_TASK INSTRUCTIONS:_
Look through the entries below and copy exactly the part that begins with the line containing "That's the equivalent" and ends with the line containing "As you proceed". Do not copy the pictures.

===== RECORDS FOR THIS TASK =====

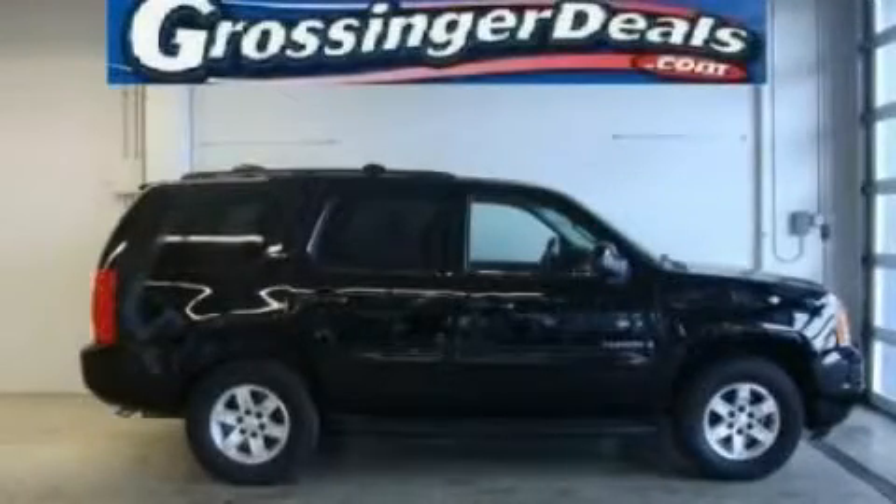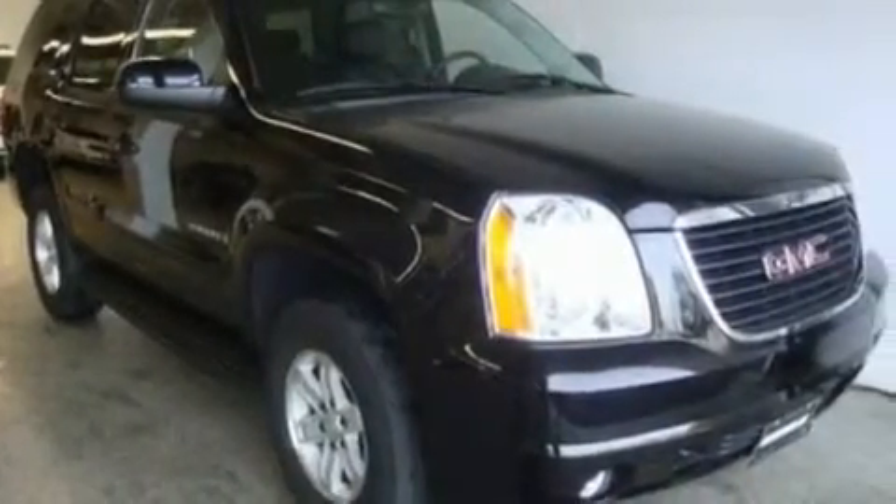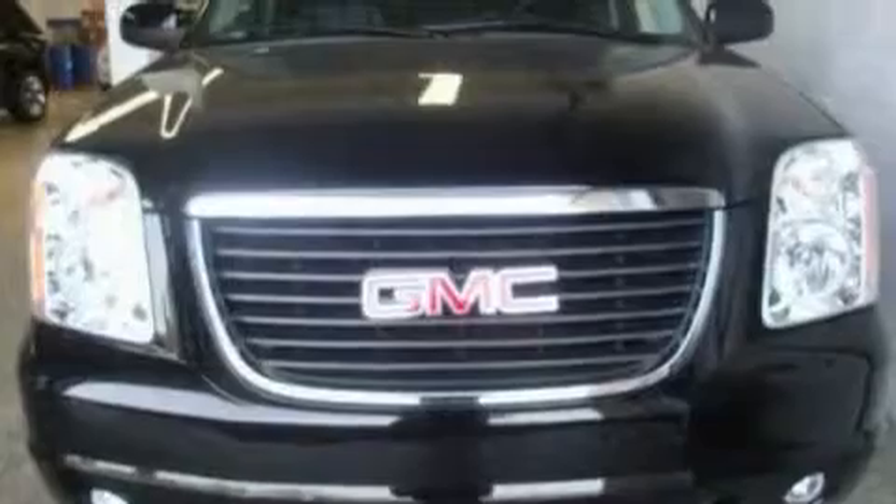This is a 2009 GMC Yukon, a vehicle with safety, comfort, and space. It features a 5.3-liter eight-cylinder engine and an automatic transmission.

=====
===== RECORDS FOR THIS TASK =====

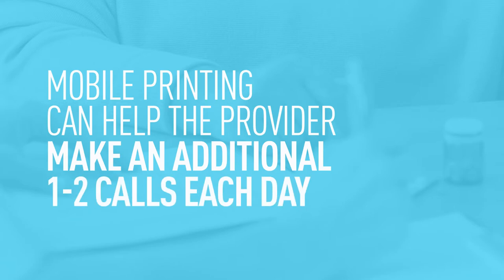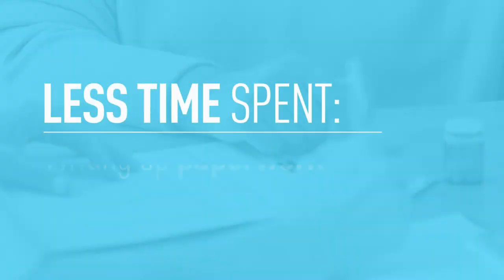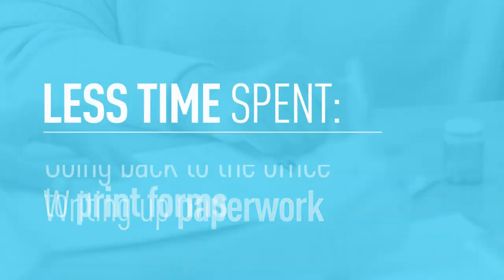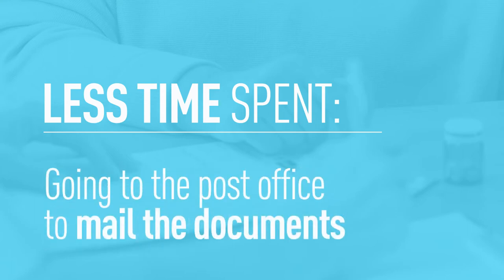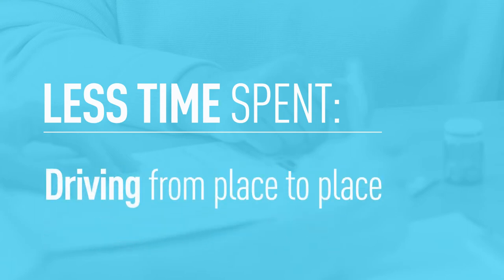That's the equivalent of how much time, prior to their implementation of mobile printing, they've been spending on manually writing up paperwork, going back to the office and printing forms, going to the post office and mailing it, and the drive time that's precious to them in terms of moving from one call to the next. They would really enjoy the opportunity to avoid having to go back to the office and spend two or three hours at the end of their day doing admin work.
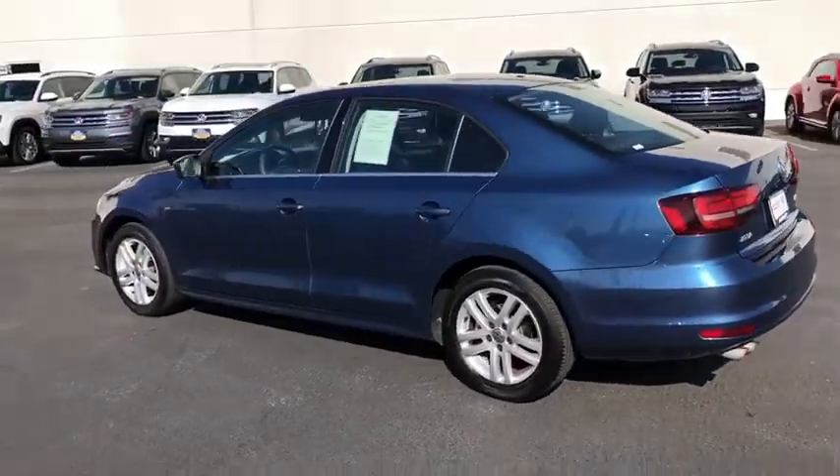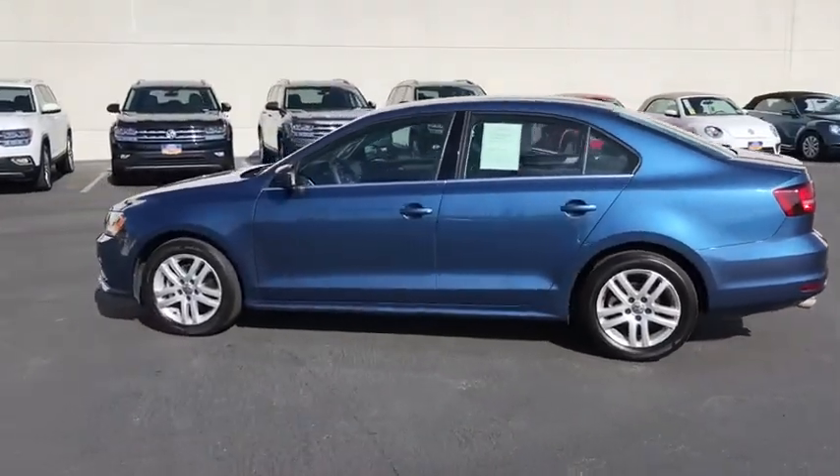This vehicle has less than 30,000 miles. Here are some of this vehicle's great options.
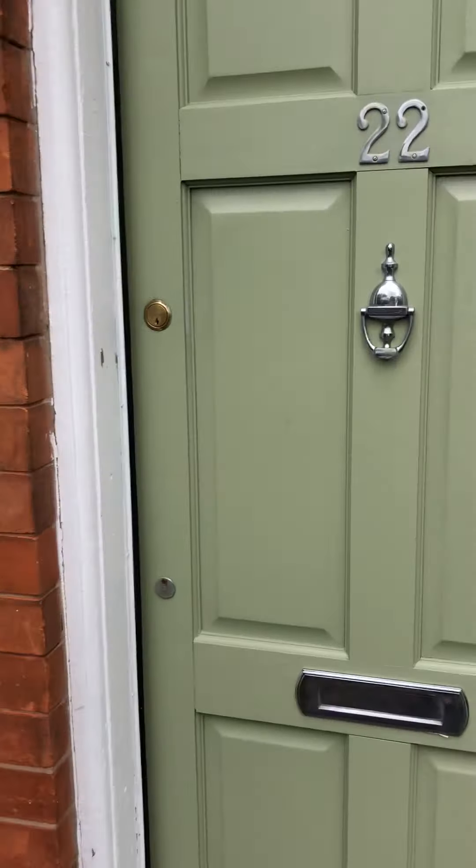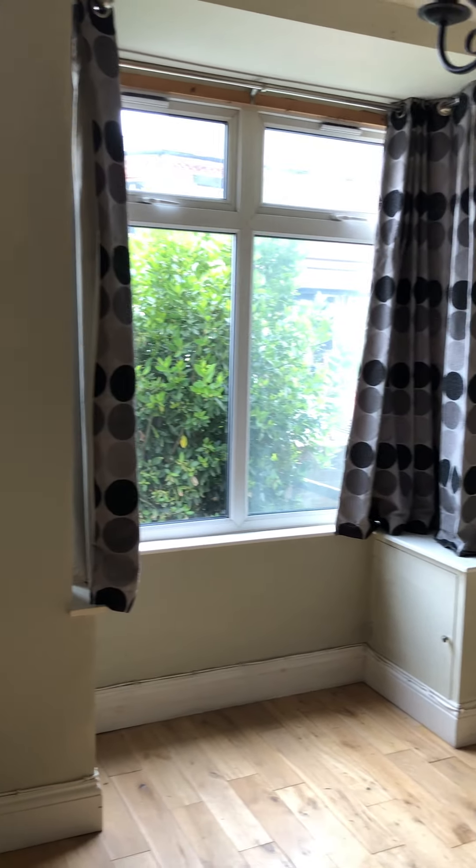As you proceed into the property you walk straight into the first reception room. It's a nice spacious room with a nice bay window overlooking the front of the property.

=====

_FINISHED EXERCISE:_
That's the equivalent of how much time, prior to their implementation of mobile printing, they've been spending on manually writing up paperwork, going back to the office and printing forms, going to the post office and mailing it, and the drive time that's precious to them in terms of moving from one call to the next. They would really enjoy the opportunity to avoid having to go back to the office and spend two or three hours at the end of their day doing admin work.
This vehicle has less than 30,000 miles. Here are some of this vehicle's great options.
As you proceed into the property you walk straight into the first reception room. It's a nice spacious room with a nice bay window overlooking the front of the property.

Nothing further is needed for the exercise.